▸ **TASK DESCRIPTION**
From the records below, please print only the lines from the one containing "thumbnail image 5" through the one containing "Red Friday Remember", both included. Skip the pictures.

▸ **EXERCISE MATERIAL**
□ □ □ □

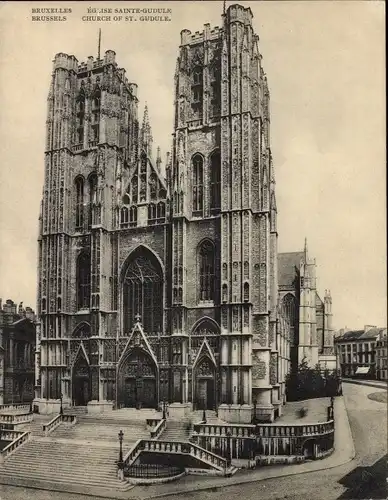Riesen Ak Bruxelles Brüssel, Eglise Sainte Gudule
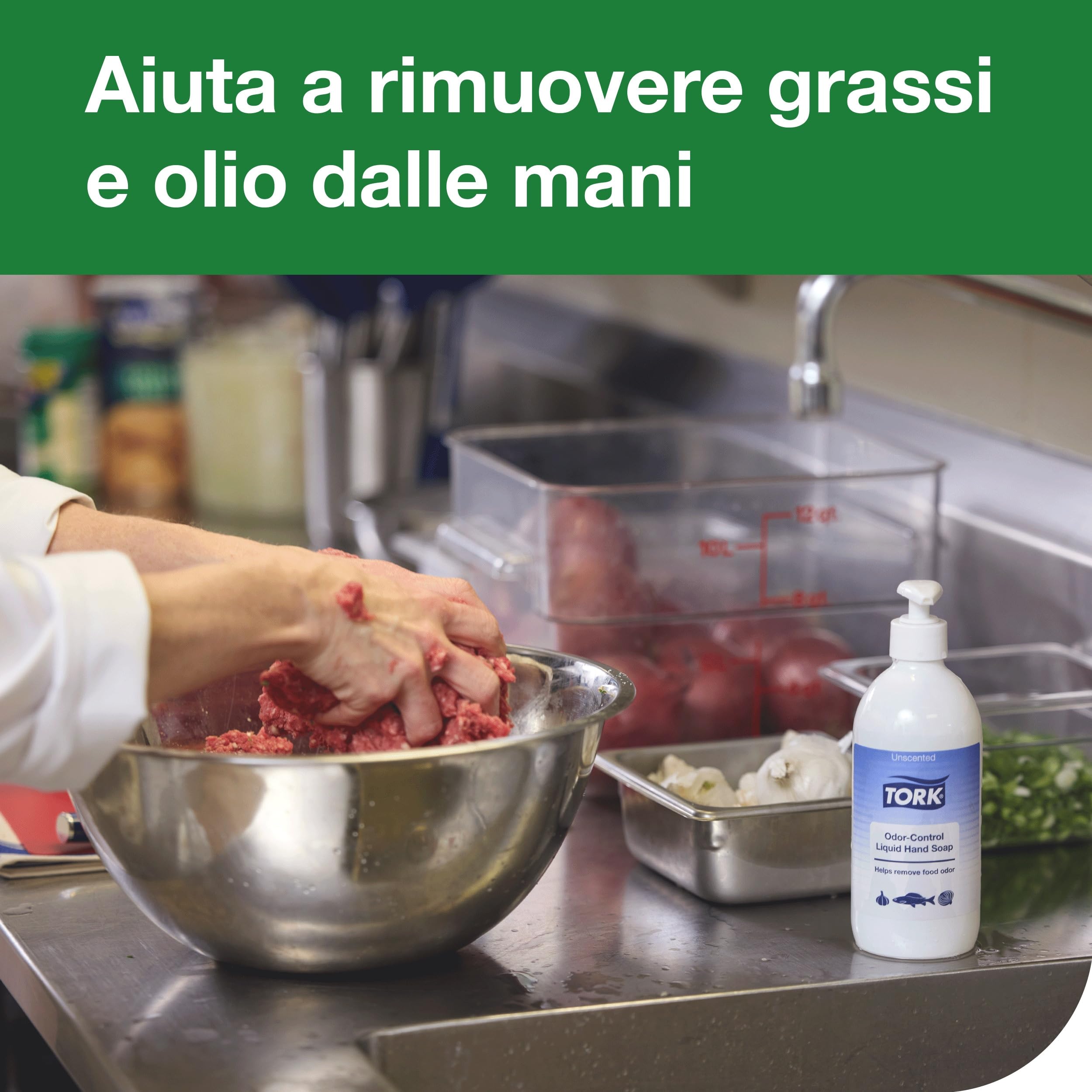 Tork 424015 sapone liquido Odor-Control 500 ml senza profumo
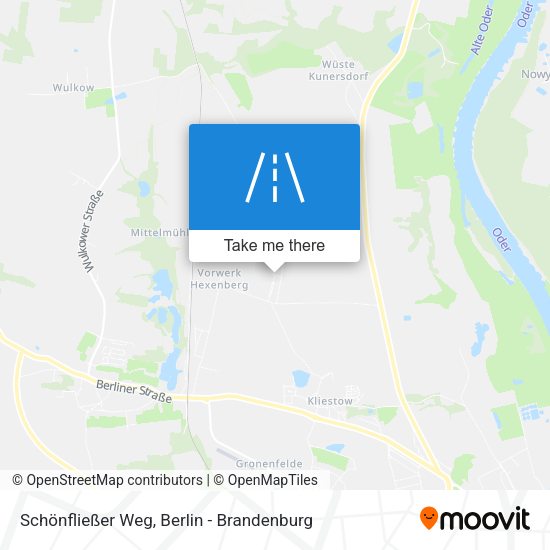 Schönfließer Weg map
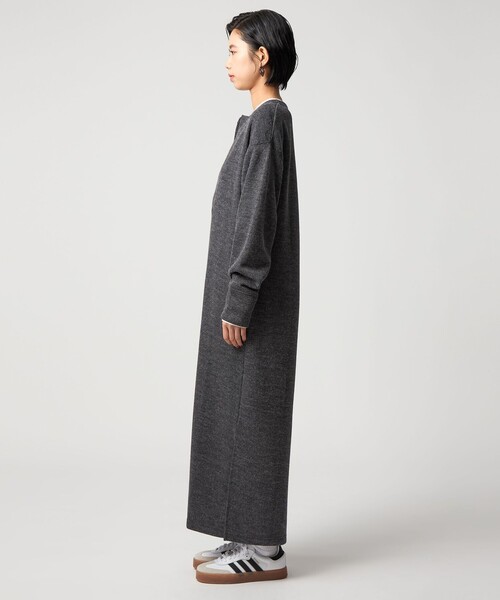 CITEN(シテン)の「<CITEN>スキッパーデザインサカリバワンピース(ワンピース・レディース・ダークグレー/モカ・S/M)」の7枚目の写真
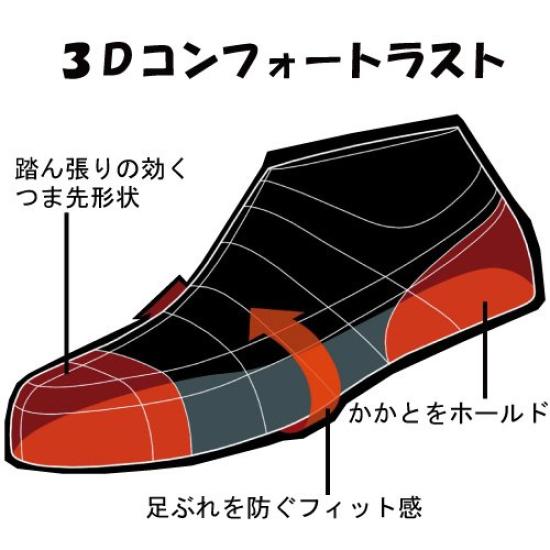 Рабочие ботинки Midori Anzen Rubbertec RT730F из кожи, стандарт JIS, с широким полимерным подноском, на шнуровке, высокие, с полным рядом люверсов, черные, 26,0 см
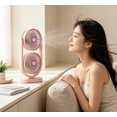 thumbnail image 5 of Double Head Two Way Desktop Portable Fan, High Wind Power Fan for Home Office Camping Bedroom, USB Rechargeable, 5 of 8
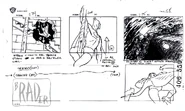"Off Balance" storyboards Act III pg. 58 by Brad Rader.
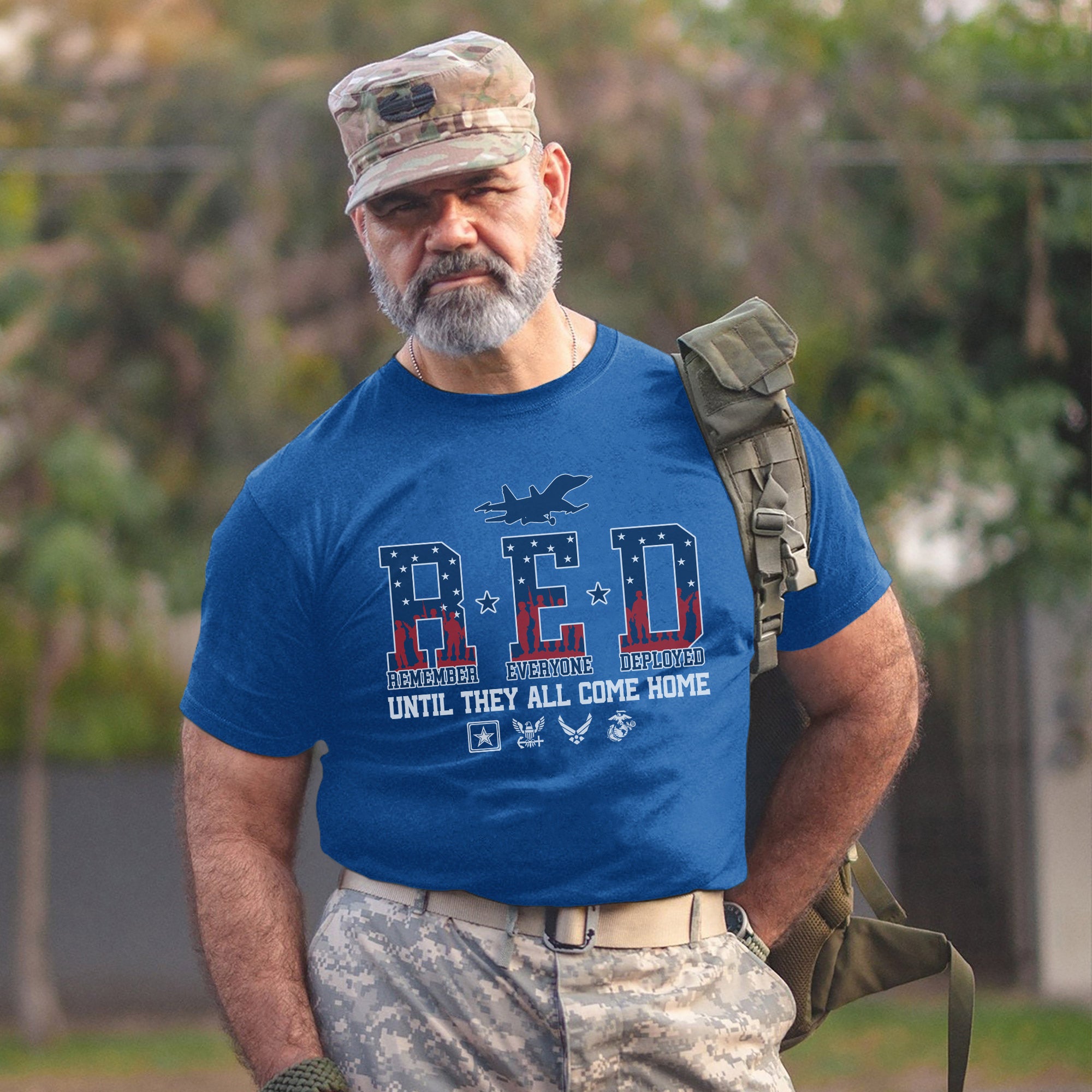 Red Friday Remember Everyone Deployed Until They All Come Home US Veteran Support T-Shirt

□ □ □ □

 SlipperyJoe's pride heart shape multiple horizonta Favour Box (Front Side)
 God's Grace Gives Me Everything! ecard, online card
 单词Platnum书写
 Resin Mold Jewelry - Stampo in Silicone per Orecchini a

□ □ □ □

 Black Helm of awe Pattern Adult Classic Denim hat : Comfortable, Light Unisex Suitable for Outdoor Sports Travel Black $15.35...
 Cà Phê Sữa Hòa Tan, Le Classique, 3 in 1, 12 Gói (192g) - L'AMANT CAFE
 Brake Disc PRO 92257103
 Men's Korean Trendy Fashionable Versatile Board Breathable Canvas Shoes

□ □ □ □

▸ **WORKED SOLUTION**
 thumbnail image 5 of Double Head Two Way Desktop Portable Fan, High Wind Power Fan for Home Office Camping Bedroom, USB Rechargeable, 5 of 8
"Off Balance" storyboards Act III pg. 58 by Brad Rader.
 Red Friday Remember Everyone Deployed Until They All Come Home US Veteran Support T-Shirt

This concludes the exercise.